--- INFORMATION PROVIDED Enclosed Below ---

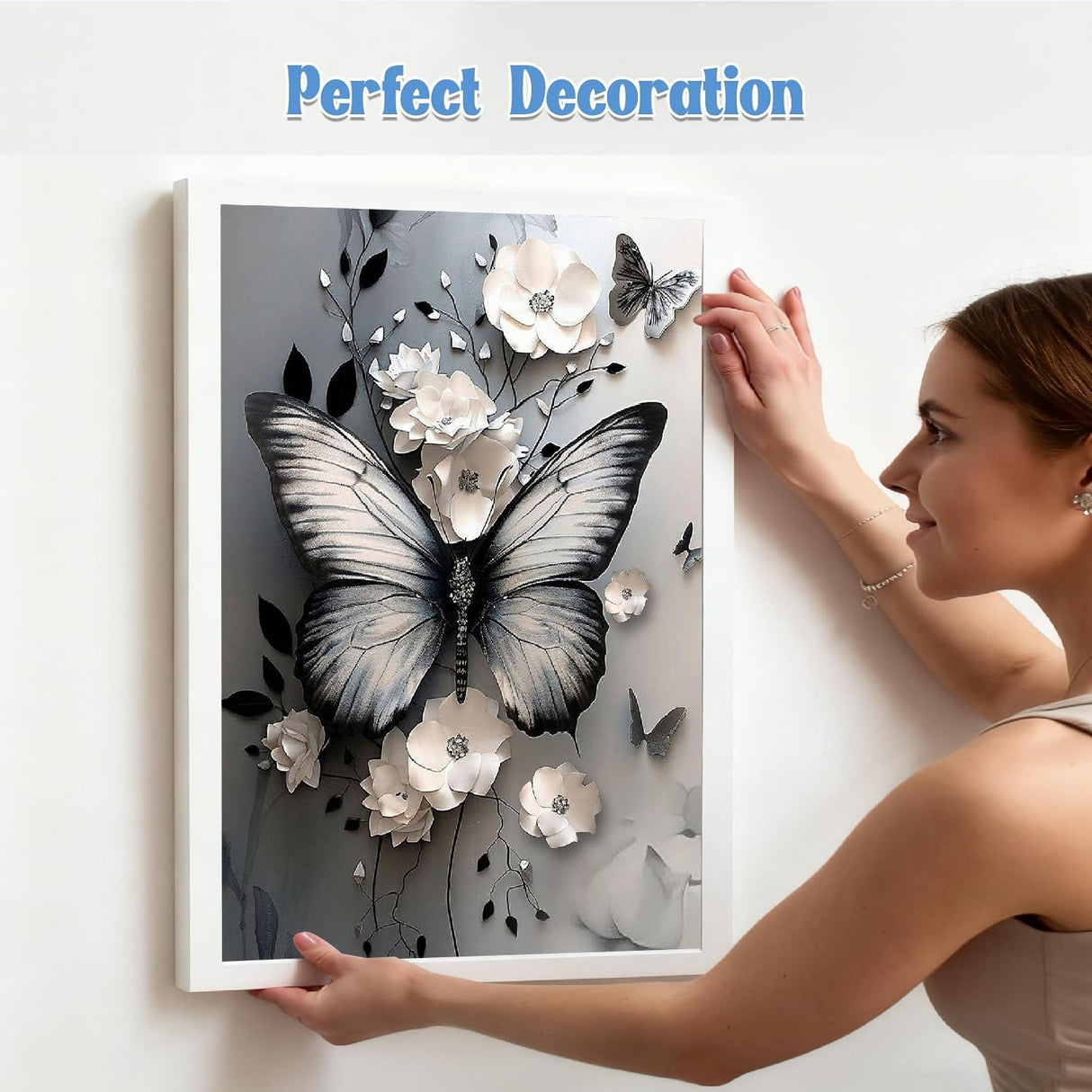 Diamond Art Kits for Adults, Butterfly Flower 5D DIY Diamond Painting Kit for Adults, Diamond Dots for Adults, Diamond Dots Painting Picture Art Craft for Home Wall Decor, 12x16 Inch Baiwanerxiang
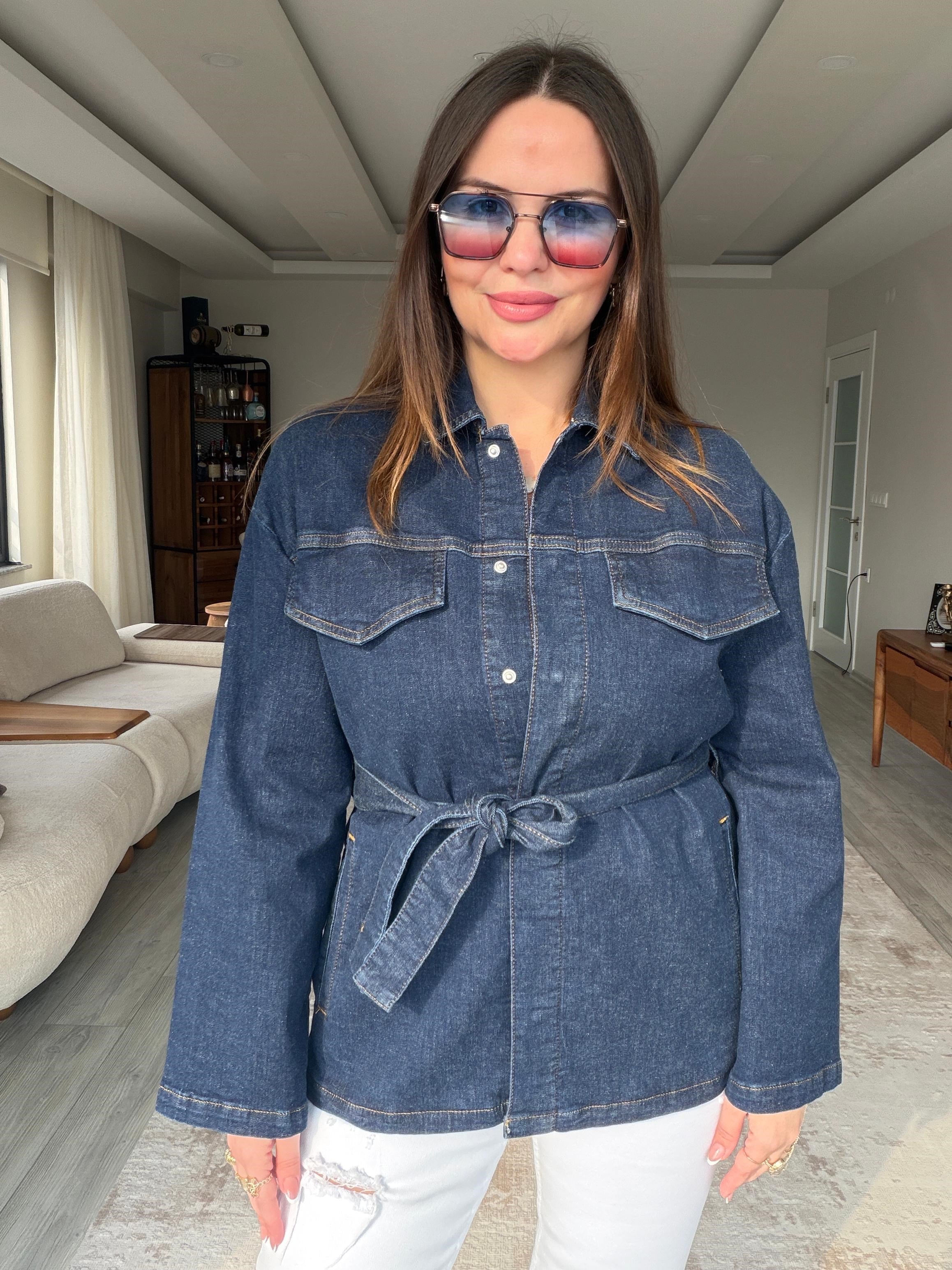 5001 Kemerli Kot Ceket LACİVERT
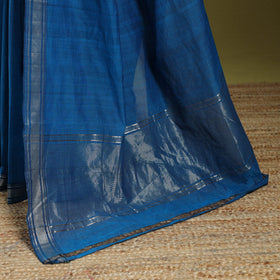 Blue - handloom cotton zari border mangalagiri saree 13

--- End of Enclosed INFORMATION PROVIDED ---

_WHAT IS NEEDED_. Go through the lines above and write each one out verbatim, skipping the pictures.

_TASK RESULT_.
 Diamond Art Kits for Adults, Butterfly Flower 5D DIY Diamond Painting Kit for Adults, Diamond Dots for Adults, Diamond Dots Painting Picture Art Craft for Home Wall Decor, 12x16 Inch Baiwanerxiang
 5001 Kemerli Kot Ceket LACİVERT
 Blue - handloom cotton zari border mangalagiri saree 13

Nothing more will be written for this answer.